All lines from the one containing "عبارات الامتنان للمعلم قصيرة جدًا" through the last line of the listing should be given again exactly, with no pictures.

→ **Extracted information**
Content starts
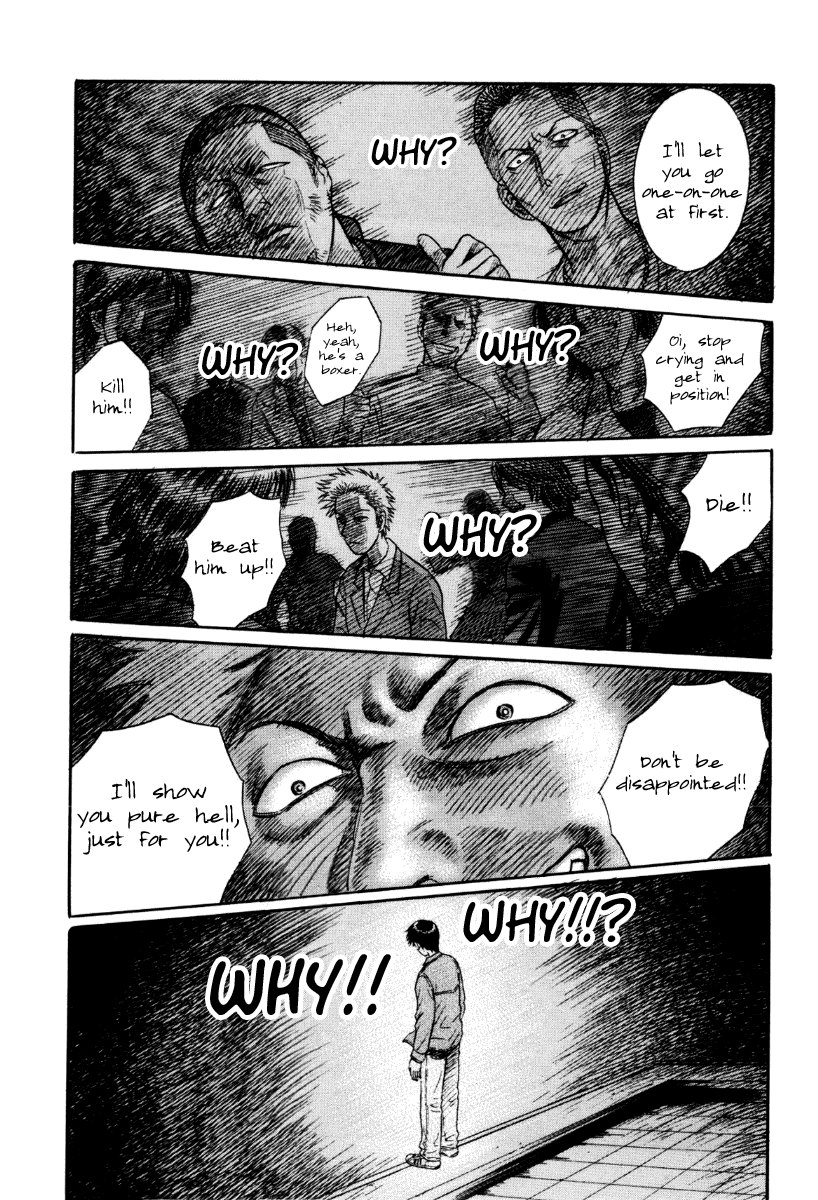 Holyland Chapter 33 - Page 14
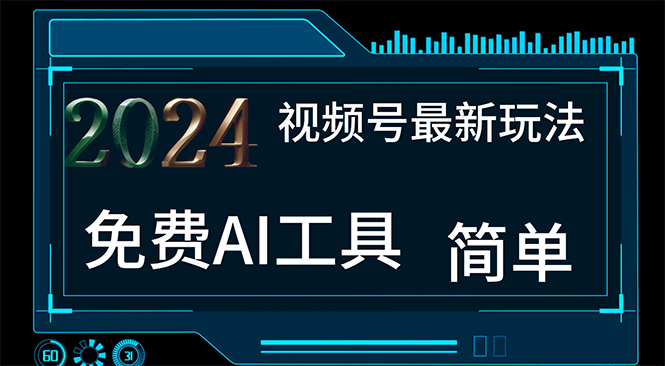 （11248期）2024视频号最新，免费AI工具做不露脸视频，每月10000+，小白轻松上手-占领资源网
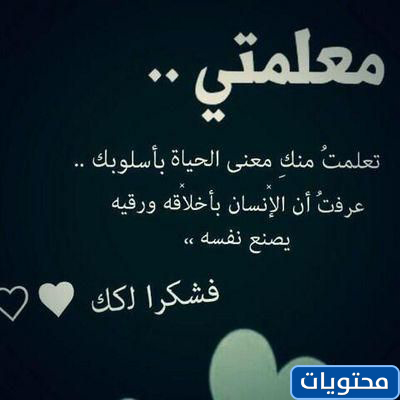 عبارات الامتنان للمعلم قصيرة جدًا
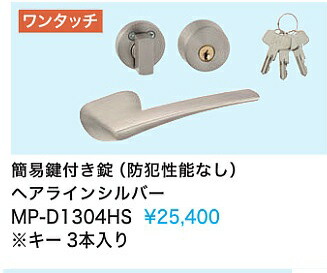 【MP-D1304HS】\u003cBR\u003e室内装飾部屋の入り口\u003cBR\u003e酉の方角製受け取り人(飾り気の無い鍵付き添い人錠) ヘアラインシルバー\u003cBR\u003e\u003cBR\u003e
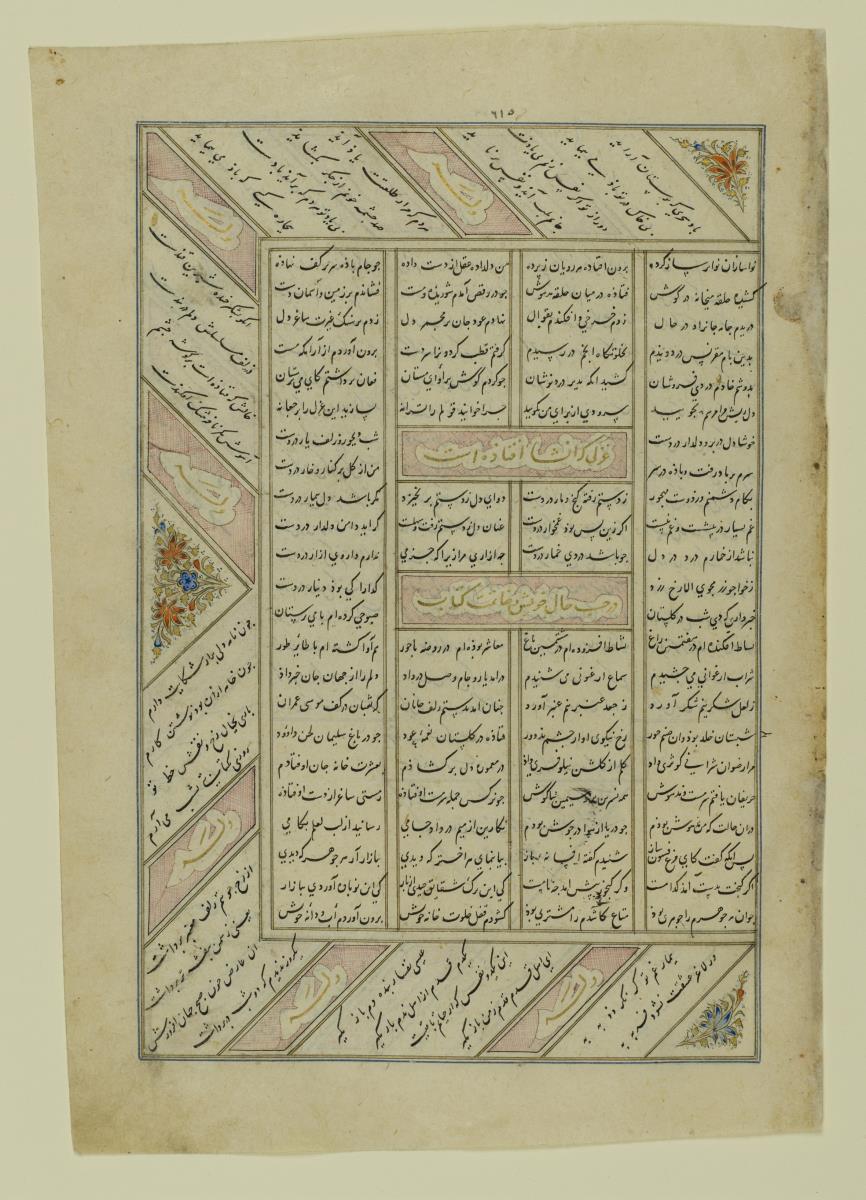 (Iranische Anthologie für Timuriden-Prinz Baisunqur, Sohn von Schahrukh)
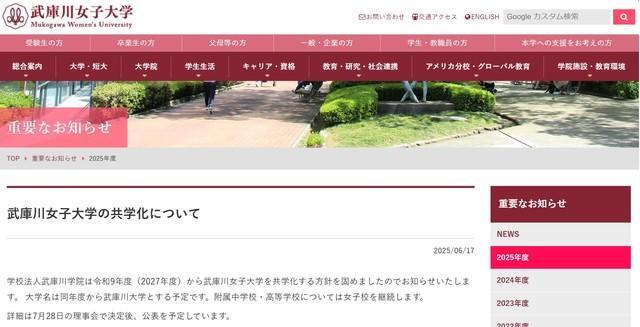 武庫川女子大学の公式ホームページに掲載された「武庫川女子大学の共学化について」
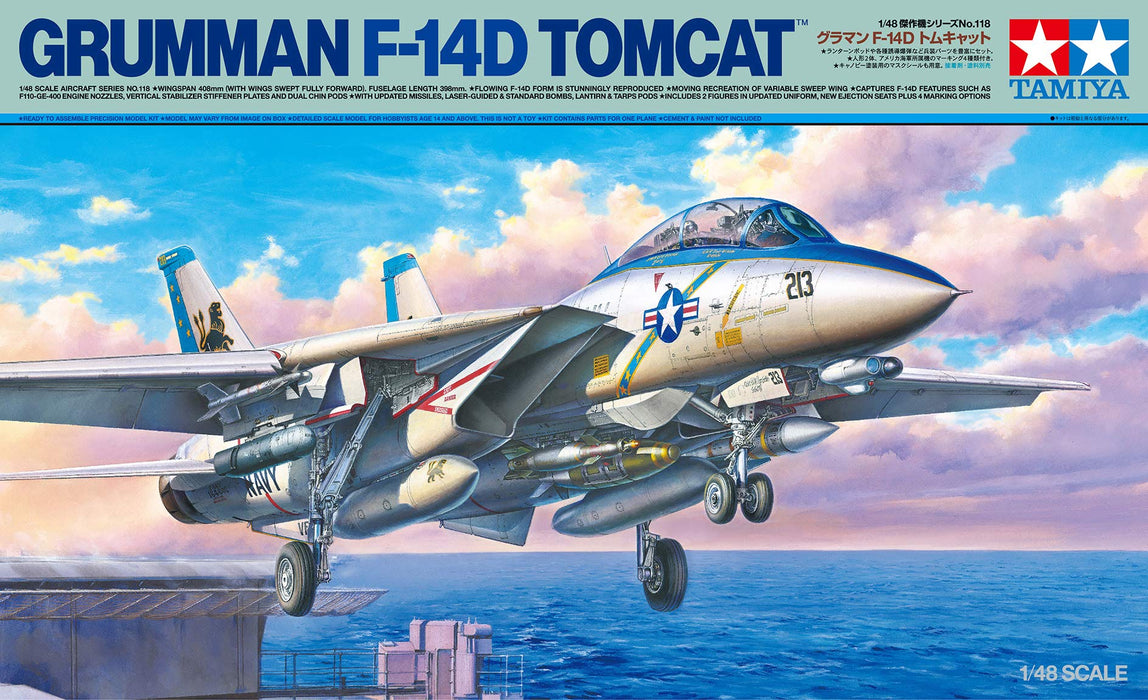 田宫 1/48 F-14D 雄猫 61118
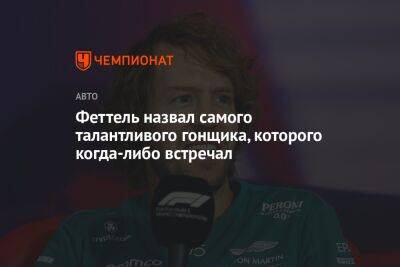 Себастьян Феттель - Феттель назвал самого талантливого гонщика, которого когда-либо встречал - championat.com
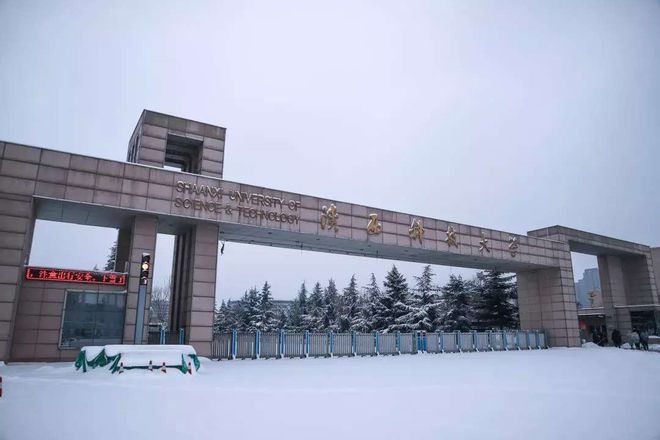 半岛官方体育这10所美术势力超强的“黑马”院校值得美术生和家长保藏！(图4)
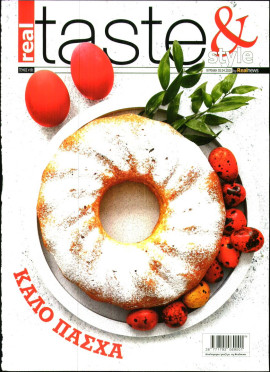 Πρωτοσέλιδο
Content ends
→ **Response area**
 عبارات الامتنان للمعلم قصيرة جدًا
 【MP-D1304HS】\u003cBR\u003e室内装飾部屋の入り口\u003cBR\u003e酉の方角製受け取り人(飾り気の無い鍵付き添い人錠) ヘアラインシルバー\u003cBR\u003e\u003cBR\u003e
 (Iranische Anthologie für Timuriden-Prinz Baisunqur, Sohn von Schahrukh)
 武庫川女子大学の公式ホームページに掲載された「武庫川女子大学の共学化について」
 田宫 1/48 F-14D 雄猫 61118
 Себастьян Феттель - Феттель назвал самого талантливого гонщика, которого когда-либо встречал - championat.com
 半岛官方体育这10所美术势力超强的“黑马”院校值得美术生和家长保藏！(图4)
 Πρωτοσέλιδο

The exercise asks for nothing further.